What was new in Stata 17

Customizable tables

You can easily create tables that compare regression results or summary statistics, you can create styles and apply them to any table you build, and you can export your tables to MS Word®, PDF, HTML, LaTeX, MS Excel®, or Markdown and include them in reports. The –table– command is revamped. The new collect prefix collects as many results from as many commands as you want, builds tables, exports them to many formats, and more. You can also point-and-click to create tables using the new Tables Builder.

Bayesian econometrics

Stata 17 now does Bayesian econometrics. If you want to use probabilistic statements to answer economic questions, for example: “Are those who participate in a job-training program more likely to stay employed for the next five years?” or if you want to incorporate prior knowledge of an economic process then Stata’s new Bayesian econometrics features can help. Fit many Bayesian models such as cross-sectional; panel-data; multilevel; and time-series models. You can compare models using Bayes factors, obtain predictions and forecasts, and more!

PyStata—Python and Stata

Stata 17 introduces a concept called PyStata. PyStata is a term that encompasses all the ways Stata and Python can interact.

Stata 16 featured the ability to call Python code from Stata. Stata 17 greatly expands on this by allowing you to invoke Stata from a stand-alone Python environment via a new pystata Python package.

You can access Stata and Mata conveniently in an IPython kernel-based environment (for example, Jupyter Notebook and console; and Jupyter Lab and console); in other environments that support the IPython kernel (for example, Spyder IDE and PyCharm IDE); or when accessing Python from a command line (for example, Windows Command Prompt, macOS terminal, Unix terminal, and Python’s IDLE).

Jupyter Notebook with Stata

Jupyter Notebook is a powerful and easy-to-use web application that allows you to combine executable code, visualisations, mathematical equations and formulas, narrative text, and other rich media in a single document (a “notebook”) for interactive computing and developing. It is widely used by researchers and scientists to share their ideas and results for collaboration and innovation.

In Stata 17, as part of PyStata, you can invoke Stata and Mata from Jupyter Notebook with the IPython (interactive Python) kernel. This means you can combine the capabilities of both Python and Stata in a single environment to make your work easily reproducible and shareable with others.

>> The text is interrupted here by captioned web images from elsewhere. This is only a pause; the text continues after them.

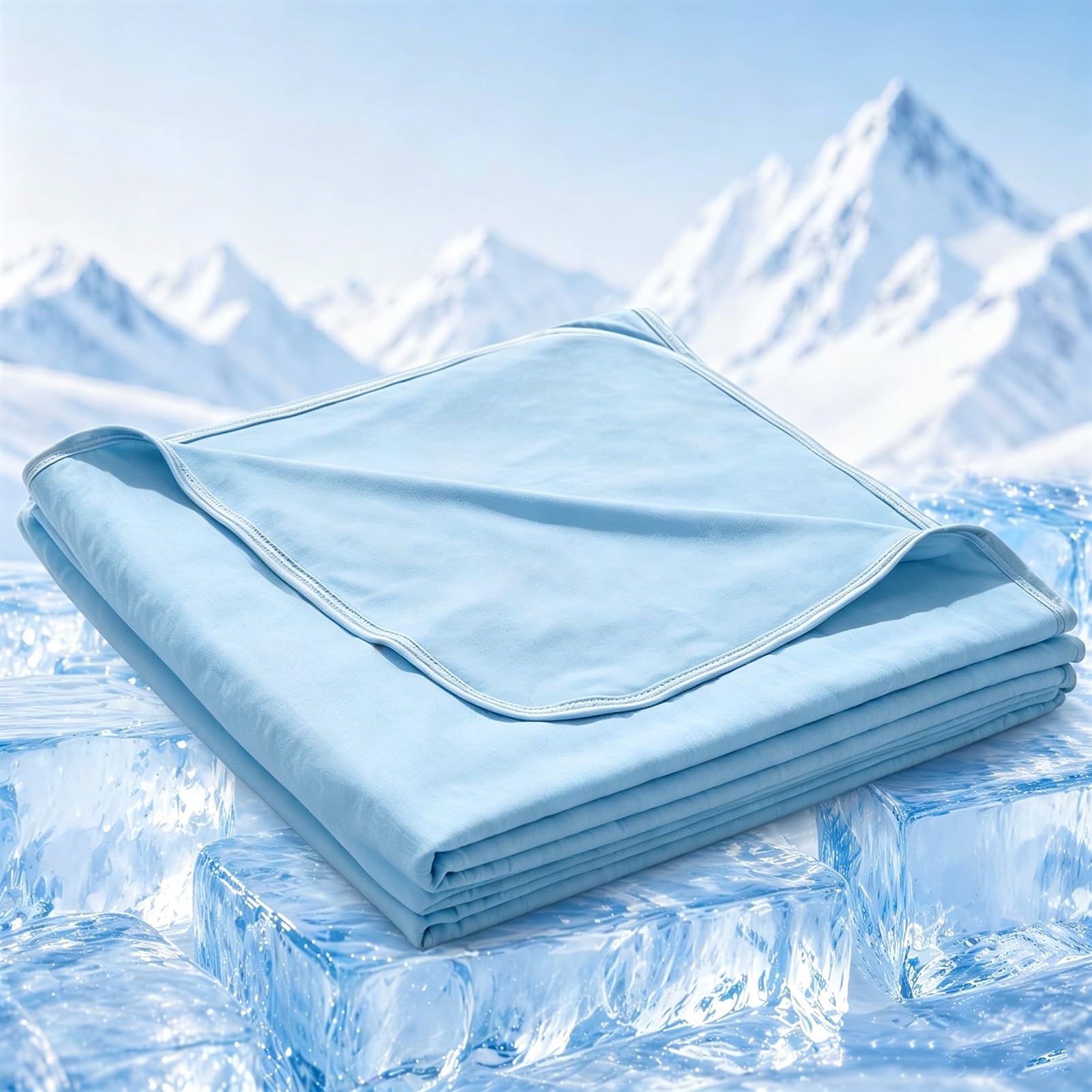 NIXZOUXBA Cooling Blanket, Summer Blanket, Thin Soft Lightweight Breathable, for Hot Flashes, Night Sweats, Bed, Couch(79''x79'')
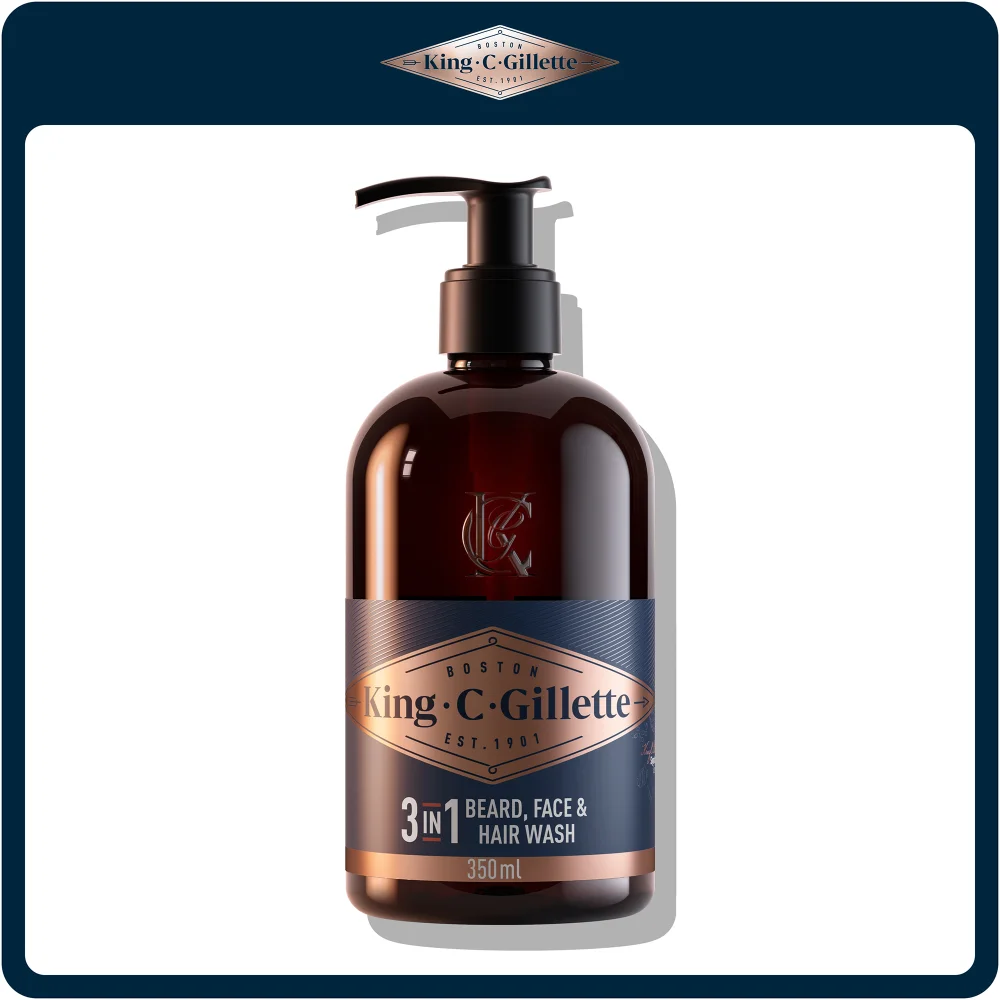 King C. Gillette Beard and Face Wash 350ml Image 1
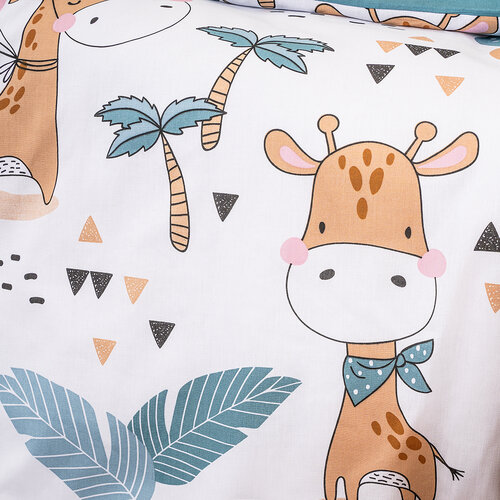 4Home Detské bavlnené obliečky do postieľky Little giraffe, 100 x 135 cm, 40 x 60 cm
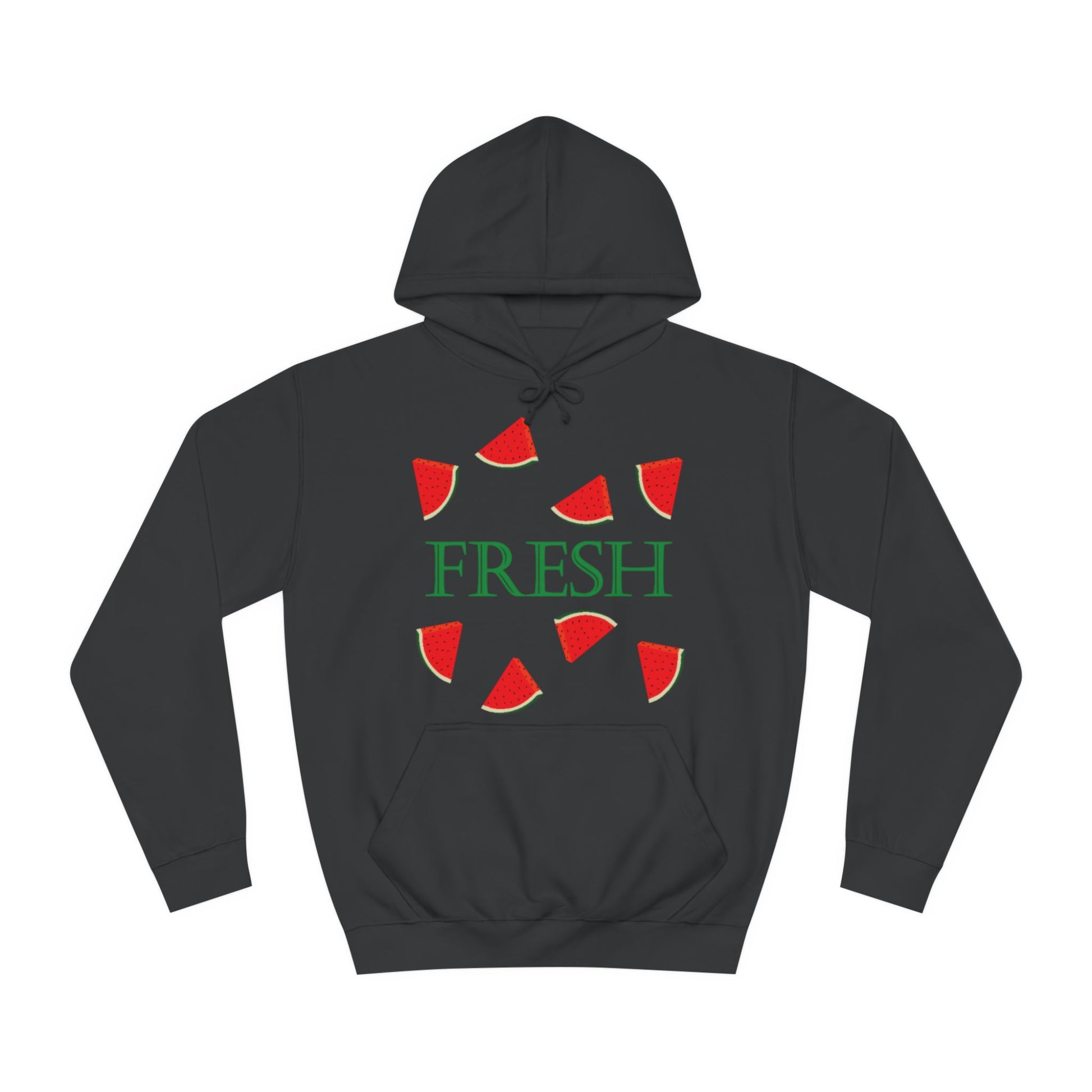 A black hoodie sweatshirt with a design of watermelon slices and the word Fresh in the middle.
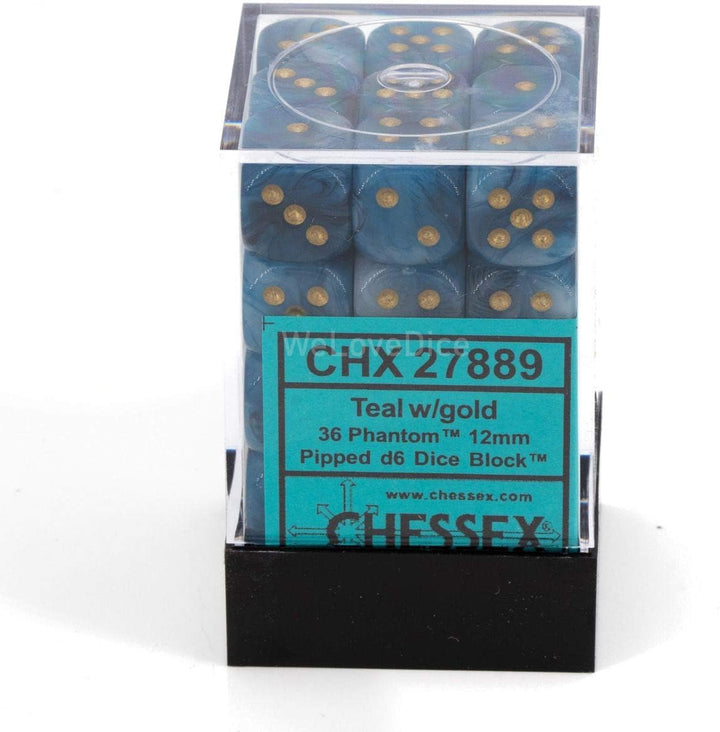 Chessex Dice d6 Sets: Phantom Teal with Gold - 12mm Six Sided Die (36) Block of Dice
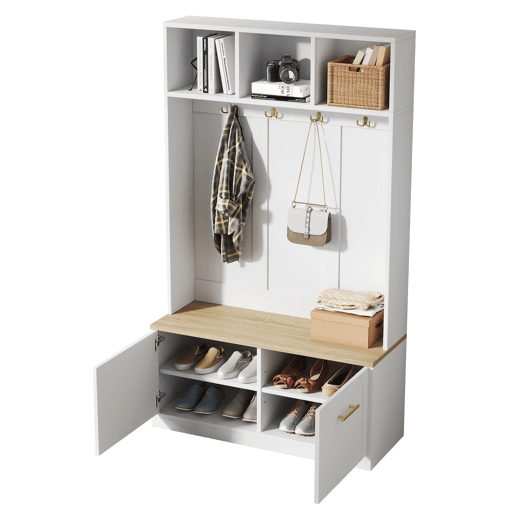 Armário compacto 105x40x180 cm - banco, arrumação aberta, 2 portas, 4 ganchos - Natural+Branco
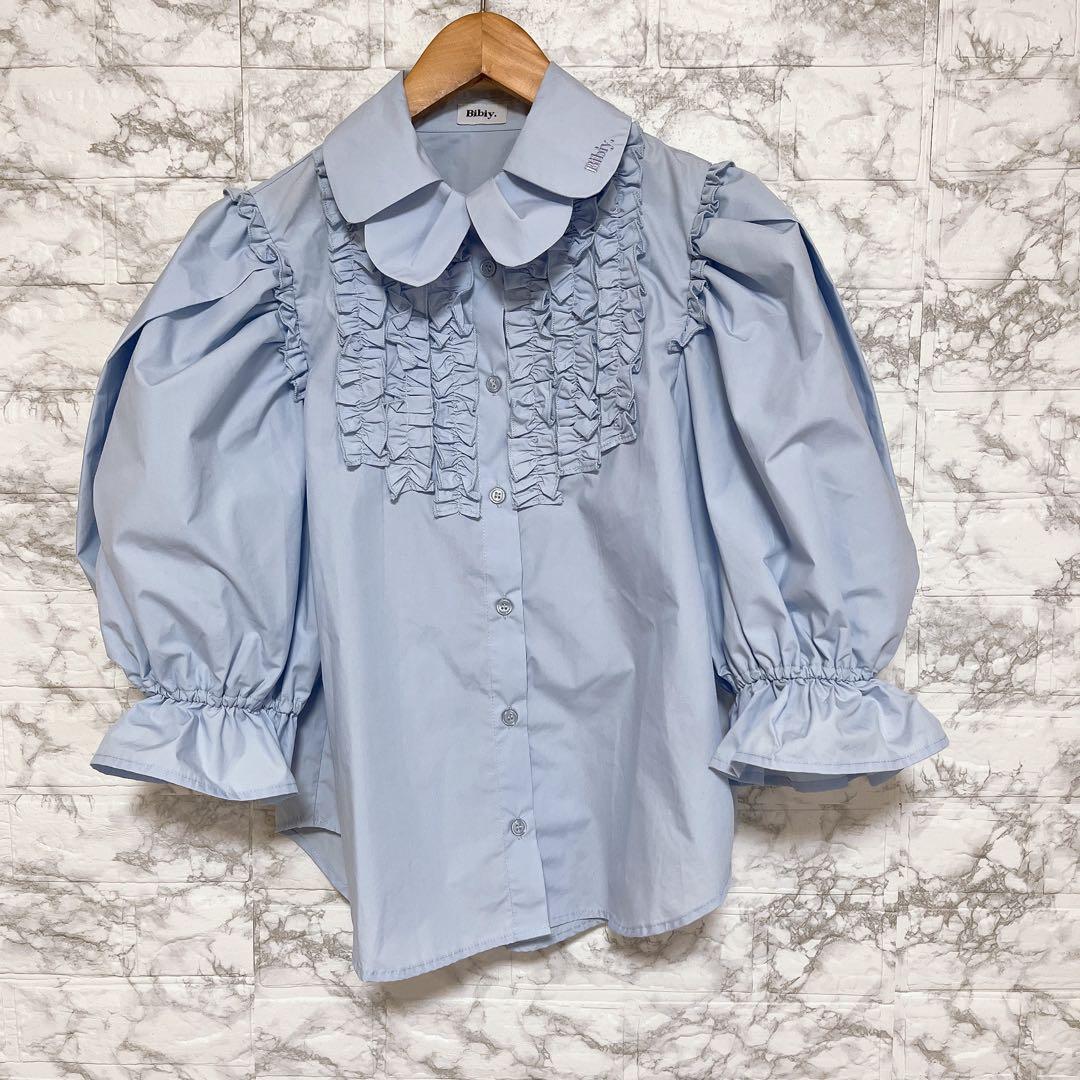 Bibiy. CORA PUFF BLOUSE ブルー ビビィ 正規品 - メルカリ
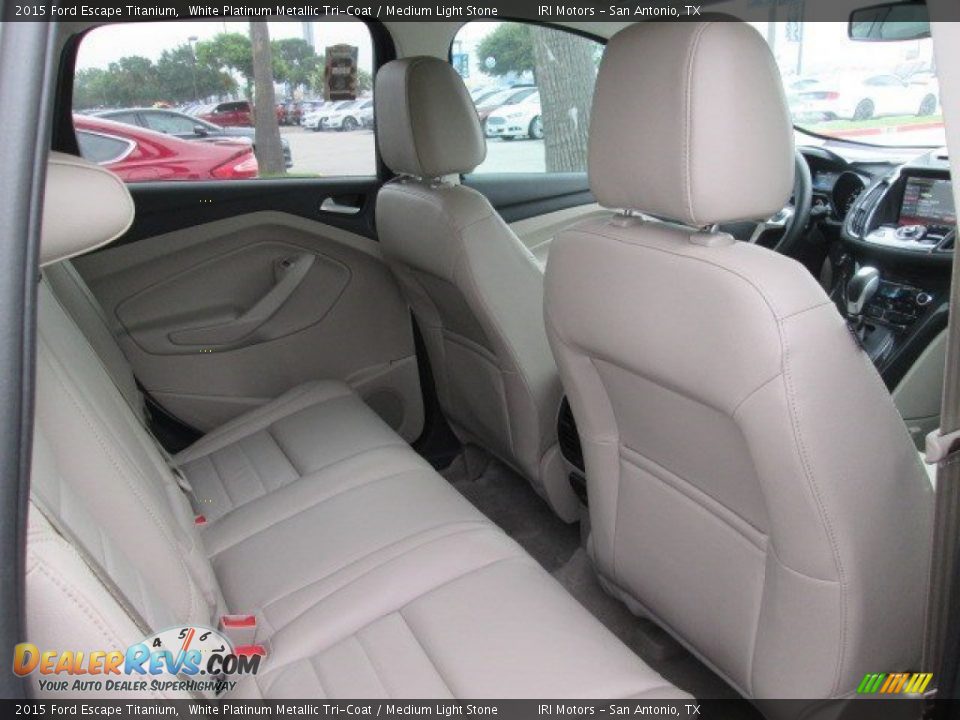 2015 Ford Escape Titanium White Platinum Metallic Tri-Coat / Medium Light Stone Photo #19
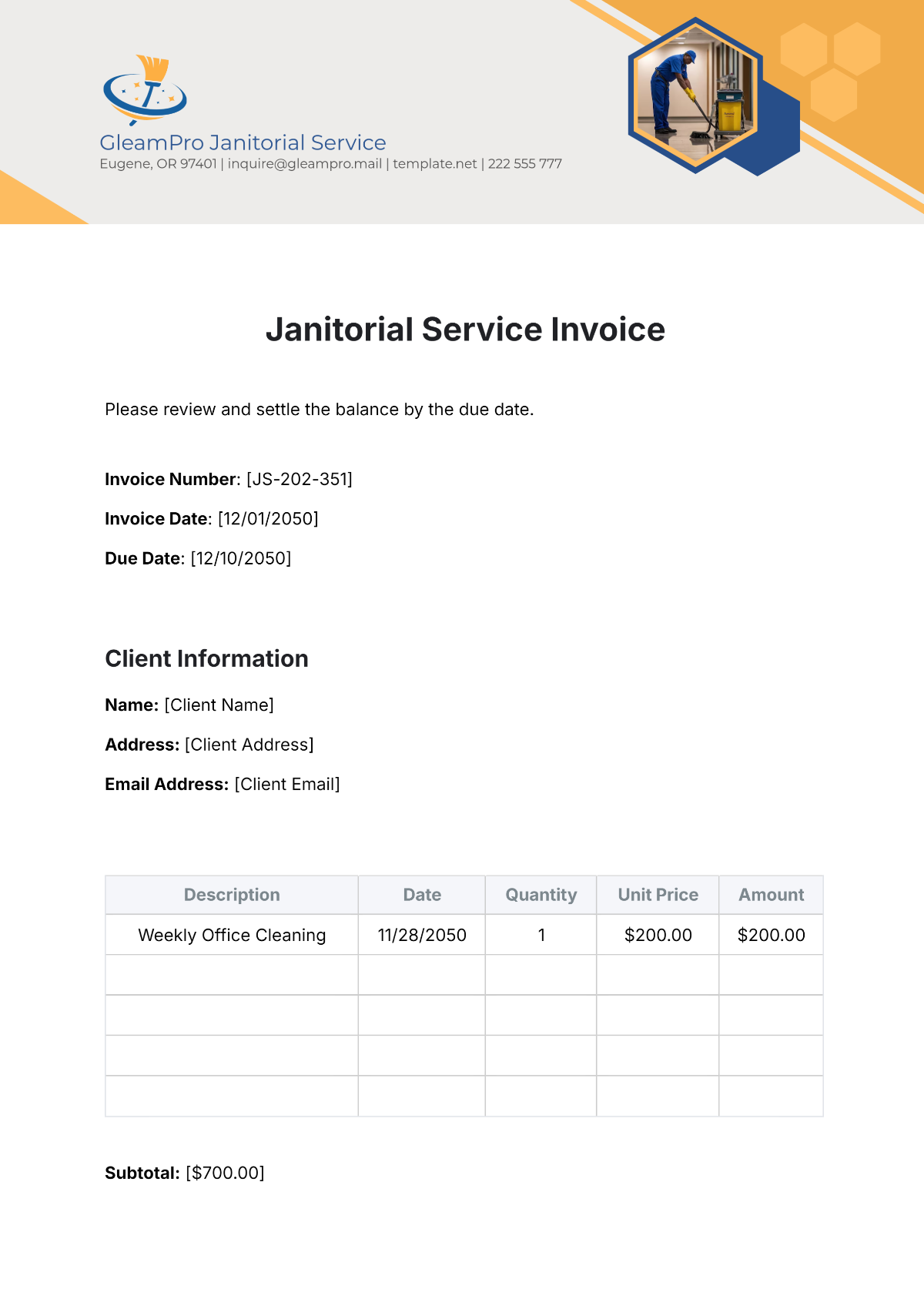 Janitorial Service Invoice Template - Edit Online & Download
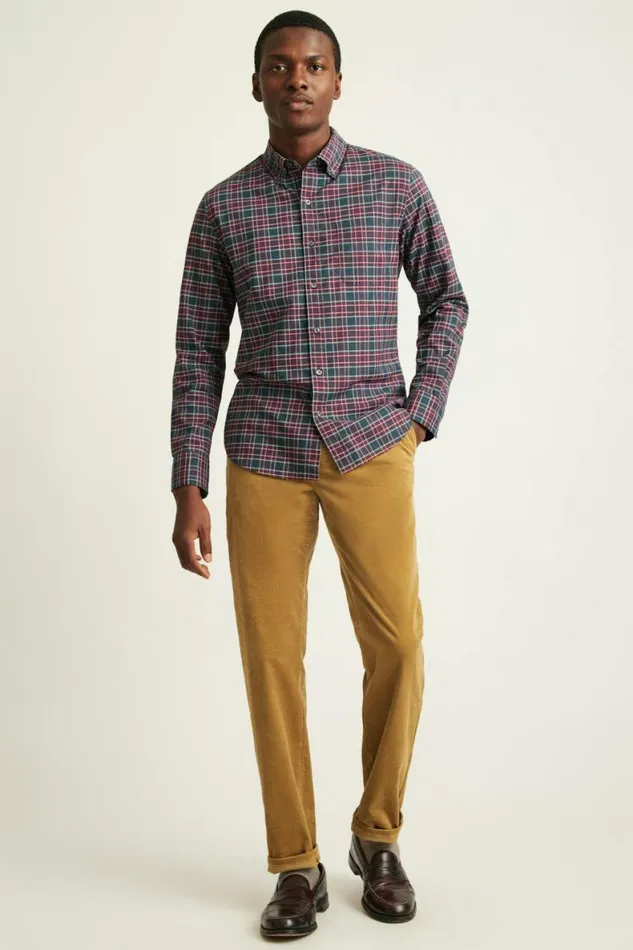 Men Everyday Shirt Navy Burgundy Plaid Bonobos Business Casual Shirts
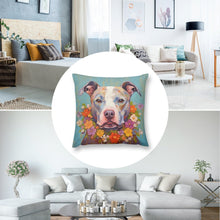 Load image into Gallery viewer, Floral Embrace Pit Bull Terrier Plush Pillow Case-Cushion Cover-Dog Dad Gifts, Dog Mom Gifts, Home Decor, Pillows, Pit Bull-8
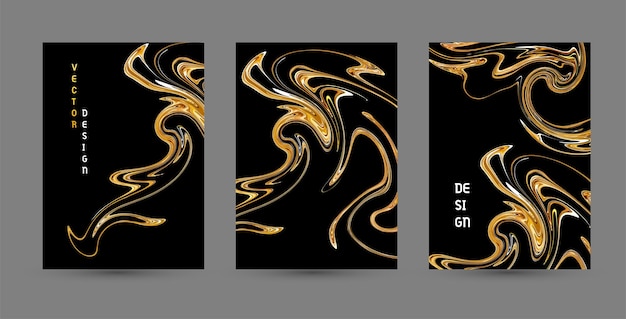 Gold marble template, artistic covers design, colorful realistic texture, luxury backgrounds. Trendy pattern, graphic poster, cards. Vector illustration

The invocation of Stata from Jupyter Notebook is driven by the new pystata Python package.

Difference-in-differences (DID) and DDD models

New estimation commands –didregress– and –xtdidregress– fit difference-in-differences (DID) and difference-in-difference-in-differences or triple-differences (DDD) models with repeated-measures data. –didregress– works with repeated-cross-sectional data, and –xtdidregress– works with longitudinal/panel data.

Making Stata faster

Stata values accuracy and it values speed. There is often a tradeoff between the two, but Stata strives to give users the best of both worlds. Stata 17 has updated algorithms behind sort and collapse to make these commands faster. Stata 17 incorporates speed improvements for some estimation commands such as mixed, which fits multilevel mixed-effects models.

Interval-censored Cox model

A semiparametric Cox proportional hazards regression model is commonly used to analyse uncensored and right-censored event-time data. The new estimation command –stintcox– fits the Cox model to interval-censored event-time data.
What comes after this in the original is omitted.